7/22/2008
Author: Devin Pickard
Title: Mr. Brown
The year was 1914....Ford Motor Company announces eight hour work days and a minimum wage of $5 for a days labor....U.S. President Woodrow Wilson signs the Mother's Day proclamation....Baseball legend Babe Ruth makes his major league debut with the Red Sox....and the first shot was fired signifying the beginning of World War I. I dare say that very few who read this were even around at the time to know that any of those things had taken place. The Fairfield Church of Christ is blessed to have a few folks who could say they were born in a time when the 1800's were just in the rear view mirror. They can tell you of a galaxy far, far away....a time where there was no television, cell phones or Internet. These folks from the Lost Generation, as Ernest Hemingway calls it, can remind those of us who are spoiled 21st century citizens that there was an age in which most folks had no running water, no electricity, and when the word facilities was mentioned, it simply meant a little wooden shack at the end of a well traveled path out back behind the house.
This past Sunday, one of God's finest servants, Carl Brown Rivers was laid to rest in the family cemetery down on Lowe's Bend. Bro. Rivers was one of those special people who came from such a time as mentioned above. God allowed Brown to hang around long beyond the four-square years that we read about in the Bible....you might could even call him and his peers modern day Methuselahs. Mr. Carl was not unlike most of his generation....he worked long, hard hours on the farm, raised a fine family and had a life centered around Almighty God. He would be the first to tell you that he gave the credit for all the good things in his life to the Lord. He was blessed to be able to marry his sweetheart Mary in 1936, and in the years following become daddy to 3 girls, Gelene, Jeanette, and Linda. When Mrs. Mary passed away in 2004, she and Carl were just 2 years shy of being married 70 years....yes....70. Mr. Rivers was from a generation that meant what they said and whose word was golden whether it was to God or man. When Mrs. Rivers became sick, her knight in shining armor became her main caretaker and was faithful to her to the very end. He understood that the for better or worse and till death do us part sections of the equation of marriage and life were not just words....but rules to live by.
A few years ago, Mr. Rivers daughter, Linda, wrote a short biography about her daddy's hands. She mentioned all of the things that she and her sisters had witnessed those hands do over the years....plant crops....sling bales of hay....help bring new calves into the world....swing a switch to the bottom of an unruly daughter on occasion....and cook a meal, just to name a few.
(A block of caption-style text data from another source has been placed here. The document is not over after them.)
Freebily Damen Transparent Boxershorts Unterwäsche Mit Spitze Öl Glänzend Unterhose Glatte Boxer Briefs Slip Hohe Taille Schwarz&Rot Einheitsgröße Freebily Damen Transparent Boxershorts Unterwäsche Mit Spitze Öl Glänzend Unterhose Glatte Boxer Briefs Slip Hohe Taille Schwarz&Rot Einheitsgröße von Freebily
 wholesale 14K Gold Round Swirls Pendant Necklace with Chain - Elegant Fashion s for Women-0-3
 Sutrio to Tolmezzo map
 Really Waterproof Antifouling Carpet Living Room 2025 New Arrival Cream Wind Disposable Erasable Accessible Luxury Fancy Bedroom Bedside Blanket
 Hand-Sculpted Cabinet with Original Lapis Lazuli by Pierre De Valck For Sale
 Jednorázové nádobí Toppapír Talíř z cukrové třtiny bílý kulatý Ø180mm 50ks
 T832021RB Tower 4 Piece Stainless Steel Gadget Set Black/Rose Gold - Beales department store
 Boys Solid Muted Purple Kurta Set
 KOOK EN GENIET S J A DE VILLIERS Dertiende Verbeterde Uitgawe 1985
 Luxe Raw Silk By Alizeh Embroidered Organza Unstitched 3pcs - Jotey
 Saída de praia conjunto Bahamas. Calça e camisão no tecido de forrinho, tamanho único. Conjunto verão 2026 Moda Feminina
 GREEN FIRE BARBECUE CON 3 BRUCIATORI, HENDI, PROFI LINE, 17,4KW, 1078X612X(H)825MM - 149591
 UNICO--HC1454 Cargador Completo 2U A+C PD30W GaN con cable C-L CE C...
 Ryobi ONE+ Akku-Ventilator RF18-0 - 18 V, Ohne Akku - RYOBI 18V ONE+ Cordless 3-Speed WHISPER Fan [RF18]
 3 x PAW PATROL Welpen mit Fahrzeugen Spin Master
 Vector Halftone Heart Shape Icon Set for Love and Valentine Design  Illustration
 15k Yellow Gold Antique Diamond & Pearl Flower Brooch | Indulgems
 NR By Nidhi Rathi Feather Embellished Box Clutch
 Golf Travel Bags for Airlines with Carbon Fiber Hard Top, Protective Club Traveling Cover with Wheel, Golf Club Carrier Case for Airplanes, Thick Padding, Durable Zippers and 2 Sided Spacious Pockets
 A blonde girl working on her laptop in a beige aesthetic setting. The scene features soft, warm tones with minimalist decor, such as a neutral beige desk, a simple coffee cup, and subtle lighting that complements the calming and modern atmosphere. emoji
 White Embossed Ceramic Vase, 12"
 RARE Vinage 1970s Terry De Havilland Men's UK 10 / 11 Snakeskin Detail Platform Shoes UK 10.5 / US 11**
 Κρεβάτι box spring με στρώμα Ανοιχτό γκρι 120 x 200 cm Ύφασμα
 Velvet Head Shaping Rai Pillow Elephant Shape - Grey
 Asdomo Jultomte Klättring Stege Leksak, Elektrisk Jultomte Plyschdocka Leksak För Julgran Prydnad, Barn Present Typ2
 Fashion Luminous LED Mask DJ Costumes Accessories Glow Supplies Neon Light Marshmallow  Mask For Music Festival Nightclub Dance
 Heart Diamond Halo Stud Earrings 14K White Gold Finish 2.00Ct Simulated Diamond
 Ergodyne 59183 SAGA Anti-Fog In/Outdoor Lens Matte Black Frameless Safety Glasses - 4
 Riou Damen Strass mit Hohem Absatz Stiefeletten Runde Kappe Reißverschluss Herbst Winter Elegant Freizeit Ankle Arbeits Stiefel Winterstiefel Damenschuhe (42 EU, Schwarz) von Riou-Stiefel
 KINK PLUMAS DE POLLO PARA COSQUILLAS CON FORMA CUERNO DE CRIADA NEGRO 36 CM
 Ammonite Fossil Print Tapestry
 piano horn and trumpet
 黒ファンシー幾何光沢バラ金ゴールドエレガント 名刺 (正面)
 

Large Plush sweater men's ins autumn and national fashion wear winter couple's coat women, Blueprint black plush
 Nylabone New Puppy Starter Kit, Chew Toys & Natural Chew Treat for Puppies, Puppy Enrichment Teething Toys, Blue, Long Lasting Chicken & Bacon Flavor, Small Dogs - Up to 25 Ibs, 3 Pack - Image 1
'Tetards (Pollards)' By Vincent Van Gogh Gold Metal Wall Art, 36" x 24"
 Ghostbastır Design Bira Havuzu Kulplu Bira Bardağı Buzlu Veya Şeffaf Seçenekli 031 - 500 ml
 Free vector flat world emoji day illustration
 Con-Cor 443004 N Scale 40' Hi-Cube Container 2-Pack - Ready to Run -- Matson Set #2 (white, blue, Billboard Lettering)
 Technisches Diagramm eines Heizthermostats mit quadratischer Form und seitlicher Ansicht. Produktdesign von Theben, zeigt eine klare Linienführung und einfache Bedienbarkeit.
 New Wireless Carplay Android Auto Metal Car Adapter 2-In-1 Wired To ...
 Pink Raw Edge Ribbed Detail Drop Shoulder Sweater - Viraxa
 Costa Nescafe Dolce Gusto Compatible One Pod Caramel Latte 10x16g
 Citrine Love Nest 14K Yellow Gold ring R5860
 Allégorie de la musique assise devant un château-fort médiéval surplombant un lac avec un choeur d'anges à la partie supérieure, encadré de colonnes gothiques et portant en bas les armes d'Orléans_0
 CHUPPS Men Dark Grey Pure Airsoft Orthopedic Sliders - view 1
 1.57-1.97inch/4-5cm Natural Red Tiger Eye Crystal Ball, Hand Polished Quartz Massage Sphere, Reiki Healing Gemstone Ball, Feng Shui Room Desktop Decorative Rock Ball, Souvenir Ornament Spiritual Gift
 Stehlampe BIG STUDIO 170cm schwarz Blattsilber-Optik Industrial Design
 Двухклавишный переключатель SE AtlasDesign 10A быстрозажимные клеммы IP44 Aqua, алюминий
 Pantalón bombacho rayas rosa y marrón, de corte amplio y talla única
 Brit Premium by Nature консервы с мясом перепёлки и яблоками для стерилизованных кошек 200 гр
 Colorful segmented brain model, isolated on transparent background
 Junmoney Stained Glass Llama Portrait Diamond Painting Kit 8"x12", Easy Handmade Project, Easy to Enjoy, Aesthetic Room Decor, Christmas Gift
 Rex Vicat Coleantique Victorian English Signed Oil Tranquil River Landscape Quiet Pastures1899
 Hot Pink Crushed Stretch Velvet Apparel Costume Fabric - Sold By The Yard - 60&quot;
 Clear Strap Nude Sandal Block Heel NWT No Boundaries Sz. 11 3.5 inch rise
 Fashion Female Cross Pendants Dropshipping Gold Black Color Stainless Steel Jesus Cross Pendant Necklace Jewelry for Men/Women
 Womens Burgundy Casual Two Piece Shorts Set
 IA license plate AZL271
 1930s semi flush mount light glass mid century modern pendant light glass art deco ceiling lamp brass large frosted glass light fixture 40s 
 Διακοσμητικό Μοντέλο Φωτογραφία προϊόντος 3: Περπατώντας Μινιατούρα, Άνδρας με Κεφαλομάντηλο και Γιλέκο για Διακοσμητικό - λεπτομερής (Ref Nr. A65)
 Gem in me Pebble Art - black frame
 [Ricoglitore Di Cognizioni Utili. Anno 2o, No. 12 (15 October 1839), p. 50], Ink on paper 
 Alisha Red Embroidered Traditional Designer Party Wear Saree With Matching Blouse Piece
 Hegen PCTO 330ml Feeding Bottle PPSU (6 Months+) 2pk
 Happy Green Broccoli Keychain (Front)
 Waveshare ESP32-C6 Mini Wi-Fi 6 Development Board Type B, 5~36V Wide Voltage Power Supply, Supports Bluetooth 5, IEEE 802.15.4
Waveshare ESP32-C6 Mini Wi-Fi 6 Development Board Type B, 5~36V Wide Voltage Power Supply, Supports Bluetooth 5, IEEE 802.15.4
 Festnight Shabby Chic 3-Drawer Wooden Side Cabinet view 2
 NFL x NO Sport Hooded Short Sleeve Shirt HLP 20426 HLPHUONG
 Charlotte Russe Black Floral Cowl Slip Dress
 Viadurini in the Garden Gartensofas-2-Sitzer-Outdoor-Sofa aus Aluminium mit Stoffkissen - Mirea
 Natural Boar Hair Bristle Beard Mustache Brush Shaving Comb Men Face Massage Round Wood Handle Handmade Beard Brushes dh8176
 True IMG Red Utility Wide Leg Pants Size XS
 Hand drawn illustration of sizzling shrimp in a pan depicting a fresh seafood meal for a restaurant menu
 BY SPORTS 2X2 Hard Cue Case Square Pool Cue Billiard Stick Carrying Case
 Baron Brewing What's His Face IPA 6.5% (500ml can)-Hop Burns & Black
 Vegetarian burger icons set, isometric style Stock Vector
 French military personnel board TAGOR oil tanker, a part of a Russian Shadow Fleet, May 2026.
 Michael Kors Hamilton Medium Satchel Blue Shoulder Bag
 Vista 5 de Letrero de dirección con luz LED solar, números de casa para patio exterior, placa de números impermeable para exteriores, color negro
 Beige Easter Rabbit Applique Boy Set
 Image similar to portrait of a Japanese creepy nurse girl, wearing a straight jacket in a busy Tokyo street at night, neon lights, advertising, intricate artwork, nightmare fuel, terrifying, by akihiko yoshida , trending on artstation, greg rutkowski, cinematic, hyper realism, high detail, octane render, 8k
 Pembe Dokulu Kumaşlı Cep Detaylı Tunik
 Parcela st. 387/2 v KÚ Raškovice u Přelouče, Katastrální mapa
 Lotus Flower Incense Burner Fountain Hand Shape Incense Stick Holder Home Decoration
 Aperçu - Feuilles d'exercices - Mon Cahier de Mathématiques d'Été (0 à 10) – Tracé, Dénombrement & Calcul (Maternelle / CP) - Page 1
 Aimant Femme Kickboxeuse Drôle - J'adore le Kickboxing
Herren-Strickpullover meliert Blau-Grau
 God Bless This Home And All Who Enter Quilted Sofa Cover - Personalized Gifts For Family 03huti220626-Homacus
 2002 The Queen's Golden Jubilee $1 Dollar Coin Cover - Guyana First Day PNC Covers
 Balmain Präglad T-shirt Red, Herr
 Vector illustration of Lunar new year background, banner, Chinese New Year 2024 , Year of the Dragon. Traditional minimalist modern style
Linda even mentioned that he, along with his neighbors, once helped dig graves for several members of a local family killed in a mass murder. I'm satisfied those hands saw a lot during their 94 year existence....experiences that could produce a novel.
Besides Mrs. Mary, Mr. Carl was also preceded in death just a few months ago by daughter Gelene. He now rests in peace next to she and his lifelong bride. The last time I saw him Sunday, those worn-out hands were gently folded in rest. Wouldn't it be neat if we could hear those hands talk now? If so, I'm sure they would speak of holding the hands of a wife and daughter....oh, and by the way....the Creator of the Universe.